First, I would like to make it clear that I am not equating the theft of mangoes with the violation of women’s bodies. For reasoning sake, I am offering an example relevant to “our culture” (a term which has been circulating more frequently these days). “Our culture” is fluid, not fixed. Sadly, when this word is operationalised, many deploy the term to protect the status quo rather than expand human freedoms and the “freeing up” of our people.
In conversation with some bredrin of mine, who failed to appreciate the significance of a legal framework to address sexual harassment and violence – not anti-wining laws – I gave this example:
Just because you walk into people’s backyards in your community and thief mango casually, or jump a wall and grab 5 Starch and 6 Julie mango, that never belonged to you, you don’t have the right to thief someone else’s mango in another community. More, if someone complains “you thiefin my mango”, calling the person “too sensitive” or misunderstanding your intentions, really do not matter.
If something is given to you, it is not stolen. Likewise, there should be no thiefin’ of any wines in a fete. A wine is not yours to take, it must be given. This is hard to understand when both male and female soca artistes for decades have sung about “thiefin’ a wine”.
From what I have understood about “thiefin’ a wine” is that is more about breaking a taboo, than an entitlement or unlimited access to bodies for thieves. For example, a person in a committed relationship could thief a 10 second wine on someone outside of the relationship. It’s a sly, Anansi-like, Benjai-wine-to-de-side wine that is meant to be harmless and playful.
On a serious note, the assertion of wine thiefin’ by men does more to deny women’s agency and take away men’s empathy and understanding. Empathy and understanding are critical for solidarity. This is very important in today’s world of heightened awareness of sexual harassment and violence, given the popularity of the #LifeInLeggings and #MeToo campaigns.
Some women, of course, will proclaim that they wine of everyone and anyone can be their target. Yes famalay, that is about your availability and open consent, which does not speak to other women’s desires. The truth is that there is no consent declaration form before a fete. And women and men in parties are not service providers of enjoyment. For each person you approach, you need to gain their consent to dance with them, each time.
I know this appears as much to do about nothing. But nah, it ain’t so. This men’s backlash responses to the recent publication of the “wining laws” (smh) have made this into a national debate. This is a statement the police have communicated to the public in previous years. Like years before, for 2018, it was a necessary reminder to raise awareness in the context of the alarming rates of gender-based violence. At the core of the bacchanal and social media noise is men’s struggle for ideological power – their right to a particular male fantasy in the national imagination. Think of Blaxx’s “No Get Away” (2013) which serves as a cautionary tale, “No woman in de band!”. Or, Machel Montano’s “Vibes Cyah Done” (2012) and the promise of “20 man, 100 woman, oh gosh, de vibes cyah done, yea”. The idea that men cannot have a “free for all” in a party and challenging their fantasy of access to women are met with great resistance. Too many constructions of carnival, for the wrong reasons, are premised on male desire and fantasy.
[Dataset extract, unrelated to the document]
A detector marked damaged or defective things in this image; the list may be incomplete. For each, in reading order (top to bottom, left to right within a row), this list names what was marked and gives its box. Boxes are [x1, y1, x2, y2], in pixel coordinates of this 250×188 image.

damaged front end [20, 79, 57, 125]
Fellas, big man ting, we need to learn how to take a brace. A 3.5 brace per fete average is a good performance in your lifetime. A brace is not a disrespect, it’s a brace. Ease up.
And yes, some women have over done it and throw themselves recklessly at men. In a fete, a woman jumped on me and buss my lip. Crazy. And I was turning her down all the time. Under the influence of alcohol, she just went all out. That means for men, we need to create an environment for a man to feel comfortable to decline unwanted advances by women without others judging him as “less of a man” or “against de culture”. At the same time, we should never encourage violent responses to women when they sexually harass us.
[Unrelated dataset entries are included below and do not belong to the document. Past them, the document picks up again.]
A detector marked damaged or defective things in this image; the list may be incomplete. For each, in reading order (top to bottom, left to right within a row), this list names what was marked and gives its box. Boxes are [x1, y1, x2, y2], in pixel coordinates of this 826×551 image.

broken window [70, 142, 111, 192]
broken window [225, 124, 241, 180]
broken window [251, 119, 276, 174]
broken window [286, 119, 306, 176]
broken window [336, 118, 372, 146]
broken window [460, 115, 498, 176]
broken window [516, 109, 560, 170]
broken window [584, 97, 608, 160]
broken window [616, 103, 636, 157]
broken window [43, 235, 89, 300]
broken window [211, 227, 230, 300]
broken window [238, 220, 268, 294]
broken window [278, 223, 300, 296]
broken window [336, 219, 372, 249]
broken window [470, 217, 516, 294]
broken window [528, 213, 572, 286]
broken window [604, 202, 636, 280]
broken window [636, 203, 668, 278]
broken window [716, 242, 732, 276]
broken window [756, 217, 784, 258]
Also, one of the reasons I braced the woman was because she was not Wendy Fitzwilliam. And I am yet to attend a party with 10 Rosario Dawsons throwing themselves all over me. Women are also aware that men who insist that a wine is harmless and you should just “free up yourself”, are usually not an Idris Elba or Hrithik Roshan giving you some sexy eyes and smooth talk. Celebrity or not, no one has the right to your body. The people you brace are generally people you are NOT INTERESTED in dancing with.
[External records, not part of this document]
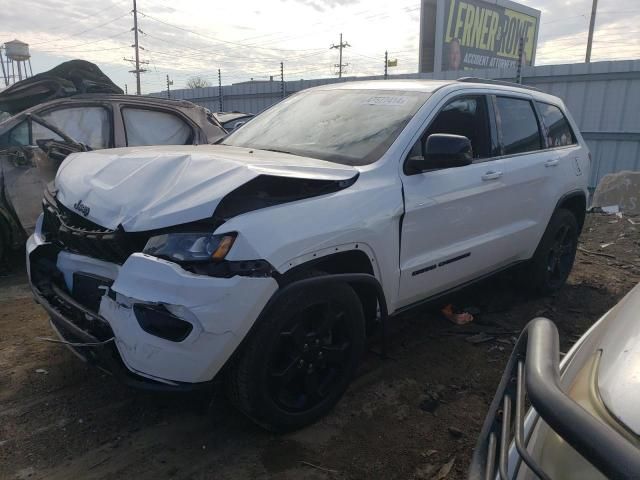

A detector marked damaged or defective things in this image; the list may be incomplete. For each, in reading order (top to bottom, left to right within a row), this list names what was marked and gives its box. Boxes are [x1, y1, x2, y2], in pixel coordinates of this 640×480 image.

wrecked dark car [0, 94, 228, 258]
crumpled hood [55, 143, 358, 232]
damaged car hood [53, 143, 360, 232]
broken headlight [142, 232, 238, 262]
crushed front bumper [26, 227, 278, 388]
“Our culture” could be one of consent. Imagine if fete promoters had gender-conscious security officers present who could make appropriate interventions. What kind of carnival can we market to the world that works laboriously to defend human rights and gender equality? And men, imagine if we didn’t have to defend our female friends from other violent men who don’t take “No” for an answer. That is the carnival I want to jump up, pay meh money and free up mehself in. A carnival sweet like a July Julie mango.
The wine belongs to the winer – not Trinidad and Tobago, not carnival, not our culture, not a man.
Quin, Beth A. 2010. “Sexual Harassment and Masculinity: The Power and Meaning of “Girl Watching”. In Men’s Lives, edited by Michael S. Kimmel and Michael A. Messner, 208-220. USA: Allyn & Bacon.